REQUIREMENT —
Word for word, restate the lines of the listing below from the line with "79 Hellberg Ave, Chalfont, PA 18914 photo 4" through the line with "Used 2022 Toyota Tacoma SR5 RWD image 17", and do not include the pictures.

MATERIAL SHOWN —
--- START ---

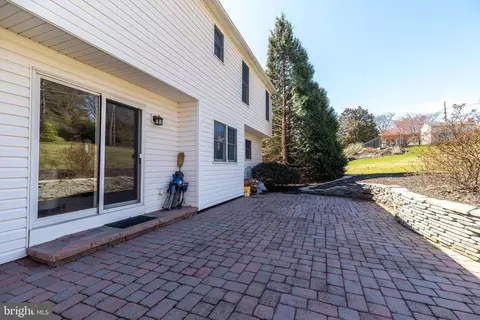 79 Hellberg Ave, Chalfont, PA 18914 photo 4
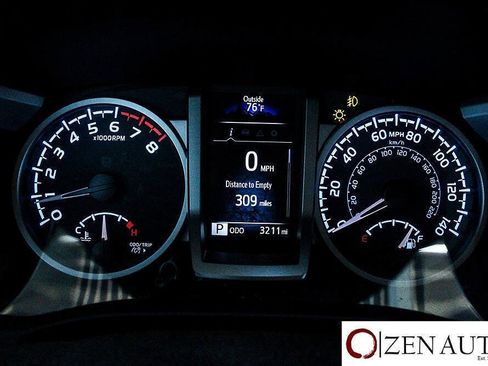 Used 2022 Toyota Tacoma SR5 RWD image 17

--- END ---
--- START ---

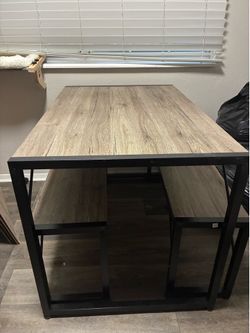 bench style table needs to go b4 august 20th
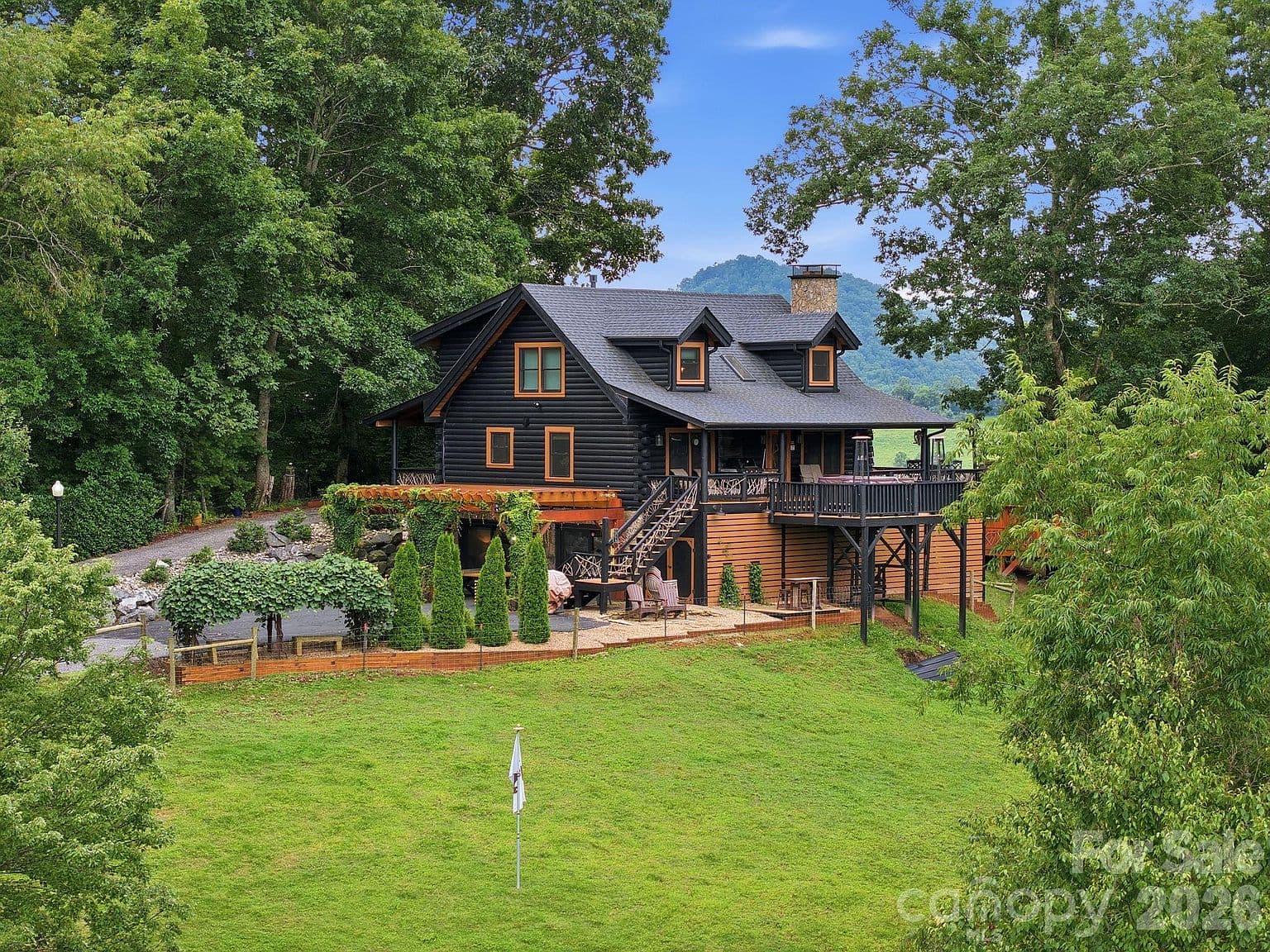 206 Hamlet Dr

--- END ---

EXERCISE ANSWER —
 79 Hellberg Ave, Chalfont, PA 18914 photo 4
 Used 2022 Toyota Tacoma SR5 RWD image 17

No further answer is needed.